Ask Your AI Governance Tool These 7 Questions
If It Can't Answer, It's a Chatbot
AI governance tools: 7 buyer queries for 2026
Modulos · May 2026 · 12 min read
AI governance tools are now a procurement requirement for any enterprise that builds, buys, or deploys AI systems. With the EU AI Act's high-risk deadline arriving on 2 August 2026 and ISO/IEC 42001 certification becoming a market differentiator, the question is no longer whether to invest in governance. It is which platform actually does the work.

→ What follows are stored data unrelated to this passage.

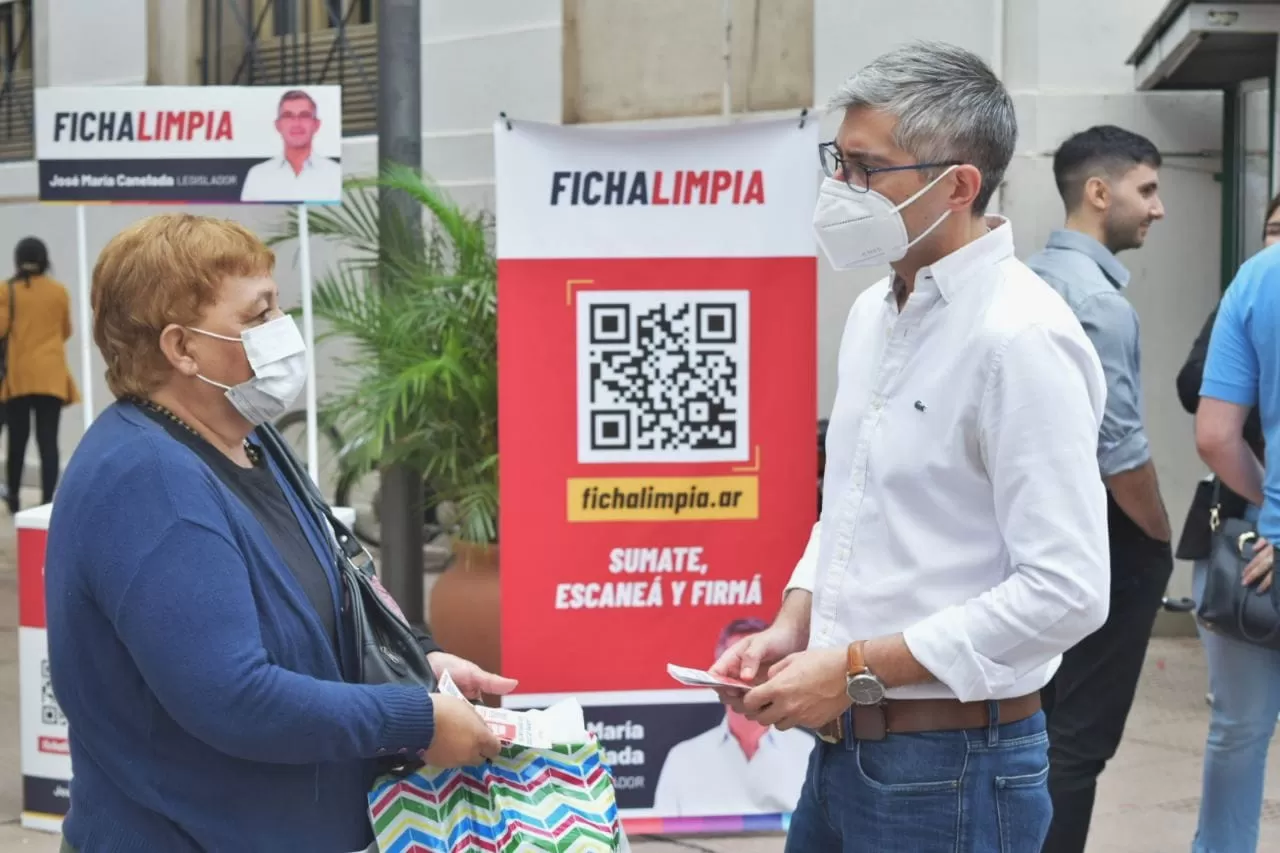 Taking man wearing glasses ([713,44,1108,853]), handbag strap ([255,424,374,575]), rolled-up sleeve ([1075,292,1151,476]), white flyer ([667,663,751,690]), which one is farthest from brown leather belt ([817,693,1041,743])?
rolled-up sleeve ([1075,292,1151,476])

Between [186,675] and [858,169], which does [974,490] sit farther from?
[186,675]

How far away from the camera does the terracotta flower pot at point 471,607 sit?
20.5 ft

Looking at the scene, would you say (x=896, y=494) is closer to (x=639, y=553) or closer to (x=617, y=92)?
(x=639, y=553)

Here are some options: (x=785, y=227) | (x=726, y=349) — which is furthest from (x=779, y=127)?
(x=726, y=349)

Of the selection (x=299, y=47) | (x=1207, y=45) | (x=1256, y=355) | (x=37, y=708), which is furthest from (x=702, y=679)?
(x=299, y=47)

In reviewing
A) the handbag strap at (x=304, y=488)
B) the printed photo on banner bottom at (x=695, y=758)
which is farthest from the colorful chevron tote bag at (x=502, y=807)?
the printed photo on banner bottom at (x=695, y=758)

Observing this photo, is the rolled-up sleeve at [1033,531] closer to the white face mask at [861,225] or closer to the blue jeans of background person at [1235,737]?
the white face mask at [861,225]

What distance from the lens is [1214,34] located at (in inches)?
269

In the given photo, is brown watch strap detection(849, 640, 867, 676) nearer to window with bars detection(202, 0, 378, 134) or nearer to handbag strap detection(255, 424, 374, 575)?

Most AI governance tools on the market are dashboards with a chat window bolted on. They look impressive in a demo, but they fall apart the moment you ask them to do real work: classify a live system under the EU AI Act, run a security review against an actual codebase, or tell the board how much financial exposure a specific AI system carries.
The difference between a genuine AI governance platform and a dressed-up chatbot becomes obvious the moment you test it with queries that require operational depth: reasoning across your data, connecting to your infrastructure, and producing outputs that would survive an audit.
We built Scout, the AI agent inside the Modulos platform, to close exactly that gap. Here are seven real queries you can run against any AI governance tool you are evaluating. They will tell you, in minutes, whether you are looking at a platform or a brochure.
What is an AI governance tool?
An AI governance tool is software that helps organisations manage the risk, compliance, and oversight of AI systems across their lifecycle. The category covers everything from spreadsheet-based trackers to purpose-built AI GRC platforms, and the term has been stretched to include nearly any product with a chat interface and a compliance label.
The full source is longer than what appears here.